During transformation of cancer cells in BRCA1 or BRCA 2 mutations, the second functional allele of these genes are lost, inhibiting the ability to repair double-strnd breaks in DNA through homologous recombination: therefore cancer cells are selectively sensitized to inhibitors of other DNA pathways, including base excision repair, a process that requires PARP.

Women with germline mutations of BRCA1 and BRCA2 have objective response rates of 40%-60% to PARP inhibitors in breast and ovarian cancers (Yap TA, Fong PC).

Patients with triple negative breast cancers had greater benefit treated with the PARP1 inhibitor BSI-201 plus gemcitabine/carboplatin compared to gemcitabine/carboplatinum alone resulted in a clinical benefit rate of 62% vs. 21%, respectively and an objective response rate of 48% vs. 16%, respectively, and there was a significant survival benefit both the median progression free survival and median overall survival (O’Shaughnessy).

Other studies showed an initial high rate of response, but the duration of response in metastatic breast cancer was from 5.4-6.4 months with no improvement in survival compared to chemotherapy.
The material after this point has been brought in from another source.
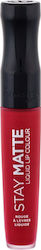 Rimmel Υγρό Κραγιόν Matte 5.5ml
In a phase 2 study comparing the efficacy and safety of gemcitabine and carboplatin with or without iniparib, a small molecule with PARP inhibitory activity, in patients with metastatic TNBC: the addition of iniparib to gemcitabine and carboplatin improved the rate of clinical benefit from 34%-56%, and the overall response from 32%-52%, and also prolonged the median progression free survival from 3.6 months to 5.9 months and the median overall survival from 7.7 months to 12.3 months (O’Shaughnessy J et al).

All PARP inhibitors enhance disease-free survival when used in serious ovarian cancers after primary treatment, including surgery and platinum – taxane doublets.

PARP inhibitors are associated with long delays in recurrence in patients with germline BRCA 1/2 mutation ovarian cancers.

While PARP inhibitors have become the standard of care IN maintenance treatment of ovarian cancer, recent studies suggest benefits as front line treatment.
The PAOLA-1: PRIMA, and VELIA trials all found increases in median progression free survival of significant degree.

PARP inhibitors come with increased risk of bone marrow and gastrointestinal toxicity, along with severe hematologic toxicity.